Mister Corman, Sie werden immer wieder „König der B-Movies“ genannt. Warum gefällt ihnen das nicht?

Roger Corman: „Ich habe nichts gegen die Bezeichnung, sie ist nur sachlich falsch. B-Movies waren Filme, die in den 1930er Jahren als Doppel-Feature mit einem teuren Film gedreht wurden. Zwei zum Preis von einem. Seit den 30er Jahren hat technisch gesehen niemand mehr ein B-Movie gedreht - ich auch nicht.“

Sie sind jetzt schon eine ganze Weile im Filmgeschäft. Allein technisch hat sich in der Zeit unglaublich viel getan...

Corman: „Die Veränderungen sind riesig. Und die Spezialeffekte sind denen aus meiner Anfangszeit natürlich meilenweit überlegen. Das ist gut, aber das ist auch ein zweischneidiges Schwert. Manchmal sind die Filmemacher von den Spezialeffekten so beeindruckt, dass sie darüber die Geschichte des Films vergessen. Man muss sich immer daran erinnern, dass die Story des Films immer an erster Stelle steht.“

Haben sich auch die Rahmenbedingungen geändert? Ist der Druck heute vielleicht größer als früher?

Corman: „Druck war immer da. Was sich geändert hat, ist aber Folgendes: Früher sind alle Low-Budget-Filme immer noch ins Kino gekommen. Das ist heute längst nicht mehr so und das finde ich wirklich schade. Die Macht der großen Studios - und das ist keine böse Macht, ich meine das schlicht wirtschaftlich - ist einfach so groß, dass es keine Möglichkeit gibt, damit zu konkurrieren.“

Sie halten einen Rekord und haben es geschafft, den Film „Der kleine Horrorladen“ in nur zwei Tagen und einer Nacht zu drehen. Um den Film ranken sich viele Gerüchte. Klären Sie uns auf?

Corman: „Es fing so an, dass das Studio, in dem ich damals ein kleines Büro hatte, für ein paar Wochen nicht ausgebucht war. Sie hatten aber noch ein Set aufgebaut und wollten es abreißen. Ich habe dann gefragt, ob ich mit den Kulissen etwas ausprobieren kann. Dann habe ich die Idee für den "Horrorladen" entwickelt und den Film in zwei Tagen und einer Nacht gedreht - nur aus Spaß.“

Sind sie auf diesen Film besonders stolz?

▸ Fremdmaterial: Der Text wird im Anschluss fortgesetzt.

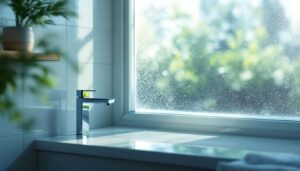 Finestra del bagno dopo la doccia: perché funziona meglio della ventola secondo uno studio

Corman: „Ich weiß nicht, ob ich wirklich stolz sagen würde. Er ist aber der, den ich am liebsten habe. Es ist ein bisschen so wie ein Vater mit einem Idioten-Kind. Du bist vielleicht nicht stolz darauf, hast es aber sehr lieb.“

Warum haben Sie nie versucht, in die allererste Reihe der Hollywood-Produzenten aufzusteigen und Filme mit ganz großen Budgets zu machen?

Corman: „Ich habe ein paar Filme für die großen Studios gemacht und das war auch alles okay. Das Problem ist nur, dass so viele Leute mitreden wollen, wenn es um das große Geld geht. Und da ich absolut antiautoritär veranlagt bin, lag mir das nicht. Wenn ich meine eigenen Filme mache, kann ich meine eigenen Entscheidungen treffen. Und da ich nicht so viel Geld habe, mache ich billige Filme.“

Sie gelten als Entdecker und Mentor von Jack Nicholson; seinen ersten Film drehte er mit Ihnen. Haben Sie sein Talent sofort erkannt?

Corman: „Ja. Ich war ja früher Ingenieur und als ich Regisseur wurde, fiel mir der technische Aspekt, die Arbeit mit der Kamera, sehr leicht. Aber ich wusste nicht genug über die Schauspielerei. Und darum habe ich damals eine Schauspielschule besucht. Nicht um Schauspieler zu werden, sondern um etwas über die Arbeit mit Schauspielern zu lernen. Und da im Unterricht habe ich Jack zum ersten Mal getroffen. Er war mit Abstand der talentierteste Schauspieler in der Klasse.“

Was macht Ihrer Ansicht nach Talent aus - in der Schauspielerei und in der Regie?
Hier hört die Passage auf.